As I have said before I love sea food and this is one of my favorites. I have an Aunt that is from Biloxi and she makes the best crab stew. I remember eating it as a kid growing up. I had not had any of Aunt Doris’s stew for years so I made a deal with her. I would bring fresh blue crabs home and she would teach me how to make it. Before I left Aransas Pass the other day I bought every live crab I could find. I wound up with 69.
The crabs on Ice. Still alive but asleep in the cold.
It is best to use the crab fresh, but I was about 4 days out from using them. There are different ways to handle crabs, you can cook them whole and freeze them, cook them and then pick the meat out and use it or you can freeze them whole. I chose freeze them whole since I was using the whole crab in the stew. I pulled the crab out of the freezer on Friday to let them thaw in the frig. Early Saturday morning John and I got up and started cleaning the crabs. Crab can spoil very quickly so we were very careful when processing them.
Cleaning and rinsing the crabs
Starting the cleaning process 1st you break off the abdominal plate.
Male and female crabs. The male has a slim pointed abdominal plate and the female had a rounded or half-moon shaped plate.
John scrubbing the shell with a stiff brush and removing the abdominal plate then I removed the carapace and cleaned the inside and placed it in ice to protect freshness.
After cleaning the crabs they were put on ice. Then we started the dicing of vegetables. We had celery, onions, red bell pepper and parsley. We fried up 2 lbs of bacon for the grease. We used the bacon grease along with vegetable oil to make the roux. I wish I had pictures of the finished roux, it was the color of a new penny.

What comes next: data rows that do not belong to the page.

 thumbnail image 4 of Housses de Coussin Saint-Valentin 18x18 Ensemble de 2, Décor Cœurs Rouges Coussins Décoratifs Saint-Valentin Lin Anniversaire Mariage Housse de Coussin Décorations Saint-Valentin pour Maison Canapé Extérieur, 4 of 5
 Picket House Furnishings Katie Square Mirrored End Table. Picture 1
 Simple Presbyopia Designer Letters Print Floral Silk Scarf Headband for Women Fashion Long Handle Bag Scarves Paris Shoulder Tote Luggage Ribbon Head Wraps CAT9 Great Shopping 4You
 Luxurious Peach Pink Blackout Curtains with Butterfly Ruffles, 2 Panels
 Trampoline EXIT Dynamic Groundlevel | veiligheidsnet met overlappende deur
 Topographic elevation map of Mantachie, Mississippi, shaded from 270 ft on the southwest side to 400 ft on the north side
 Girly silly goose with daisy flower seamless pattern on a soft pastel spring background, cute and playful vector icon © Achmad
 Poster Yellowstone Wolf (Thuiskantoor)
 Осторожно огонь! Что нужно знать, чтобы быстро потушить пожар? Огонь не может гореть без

My Aunt made the prettiest roux I have ever seen.
Frying bacon for fat to use in the roux, sauteing vegetables and starting the first pan of roux.
Aunt Doris overseeing the dicing of the vegetables.
Adding crabs to the stock and vegetables.
John and Fernando adding more crabs.
Aunt Doris seasoning the stew.
The crabs are just about ready.
The stock I used was five gallons of chicken stock. The sautéed vegetables were added to the stock along with on head of sautéed garlic. This was bought to a boil then simmered for about an hour. Then the crabs were added and brought to a boil again. We then seasoned with Cajun seasoning salt and pepper. We added the roux to thicken and the seasonings were readjusted This cooked for about another five minutes and the stew was served over rice.
Sorry for no final pictures or a picture of the roux but we were running hard trying to have this ready for the big crowd that was coming to enjoy this treat from Aunt Doris.